Between the Capitoline and the Aventine, along the banks of the river, the wall, as we have shown, was discontinued, but it was recommenced at the spot where the latter hill approaches the Tiber. This may be shown from the well-ascertained position of the PORTA TRIGEMINA, which, as we learn from a passage in Frontinus, lay just under the Clivus Publicius, at the northernmost point of the hill ("incipit distribui Appia (aqua) imo Publicio Clivo ad Portam Trigeminam," Aq. 3); and the Clivus Publicius, as we know from a passage in Livy respecting the procession of the virgins before alluded to, formed the ascent to the Aventine from the Forum Boarium ("inde vico Tusco Velabroque per Boarium forum in clivum Publicium atque aedem Junonis Reginae perrectum," xxvii. 37). There are some difficulties connected with the question of this gate, from its being mentioned in conjunction with the Pons Sublicius; but there will be occasion to discuss the situation of that bridge in a separate section; and we shall only remark here that the narratives alluded to seem to show that it was at no great distance from the gate. It is probable that the latter derived its name from its having three Jani or arch

ways.

A little beyond the Porta Trigemina most topographers have placed a PORTA NAVALIS, which is mentioned only once, namely, by P. Diaconus in the following passage: "Navalis Porta a vicinia Navalium dicta" (p. 179, Müll.), where we are told that it derived its name from the vicinity of the government dockyards. It has been assumed that these docks lay to the S. of the Aventine, in the plain where Monte Testaccio stands; but Becker has the merit of having shown, as will appear in its proper place, that they were in the Campus Martius. There was, however, a kind of emporium or merchant dock, between the Aventine and Tiber, and, as this must have occasioned considerable traffic, it is probable that there was a gate leading to it somewhere on the W. side of the hill, perhaps near the Priorato, where there seems to have been an ascent, but whether it was called Porta Navalis it is impossible to say. The writer of this article is informed by a gentleman well acquainted with the subject, that traces of the Servian wall have very recently been discovered at the NW. side of the Aventine, below S. Sabina and S. Alessio.

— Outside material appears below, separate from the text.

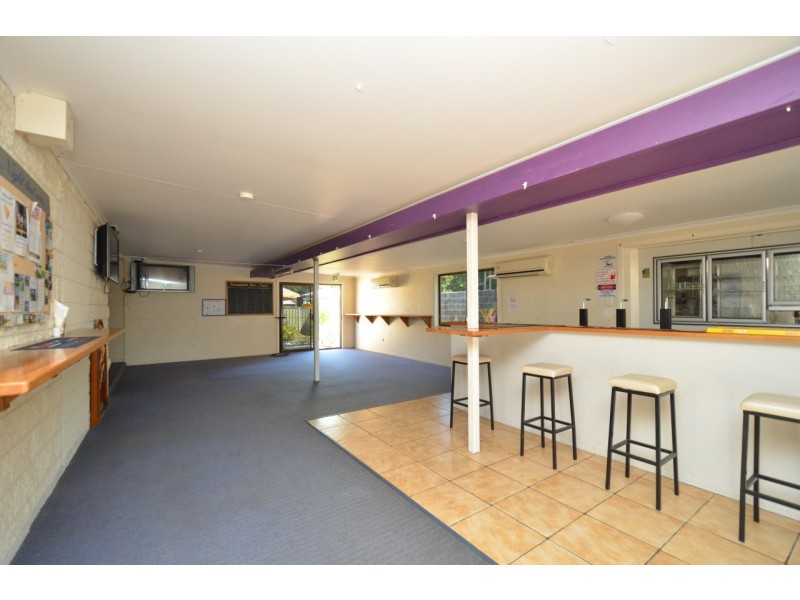 31 LAGOON CRESCENT, Saunders Beach QLD 4818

The line of wall from this point to the Caelian hill cannot be determined with any certainty. Round the Aventine itself it doubtless followed the configuration of the hill; but its course from the S. point of the Aventine has been variously laid down. Hence the question arises whether it included the nameless height on which the churches of S. Sabina

and S. Saba now stand. It seems probable that it must, at all events, have included a considerable portion of it, since, had it proceeded along the valley, it would have been commanded by the hill; and indeed the most natural supposition is that it enclosed the whole, since the more extended line it would thus have described affords room for the several gates which we find mentioned between the Porta Trigemina and the Porta Capena near the foot of the Caelian.

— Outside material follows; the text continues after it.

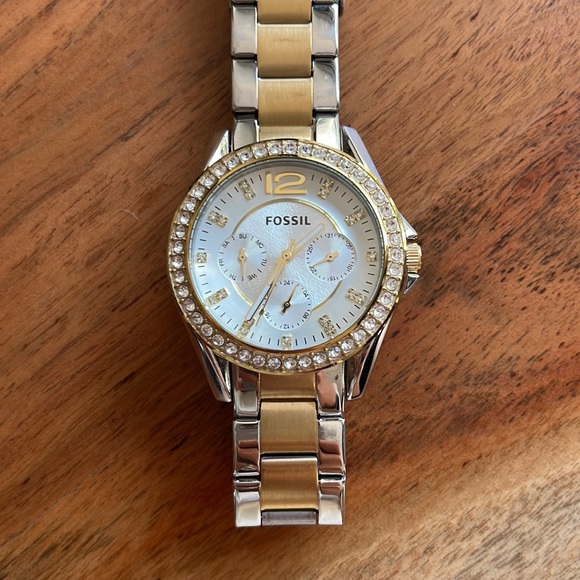 Authentic Fossil Watch - Picture 7 of 7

Among these we must, perhaps, assume a PORTA MINUCIA OF MINUTIA, which is twice mentioned by Paulus (pp. 122, 147), and whose name, he says, was derived from an ara or sacellum of Minucius, whom the Romans held to be a god. We hear nowhere else of such a Roman deity; but we learn from Pliny (xviii. 4) that a certain tribune of the people, named Minutius Augurinus, had a statue erected to him, by public subscription, beyond the Porta Trigemina, for having reduced the price of corn. This occurred at an early period, since the same story is narrated by Livy (iv. 13-16) B. C. 436, with the additional information that it was Minutius who procured the condemnation of the great corn monopoliser, Maelius, and that the statue alluded to was a gilt bull. It is possible therefore that the gate may have been named after him; and that from the extraordinary honours paid to him, he may have come in process of time to be vulgarly mistaken for a deity. If there is any truth in this view, the gate may be placed somewhere on the S. side of the Aventine.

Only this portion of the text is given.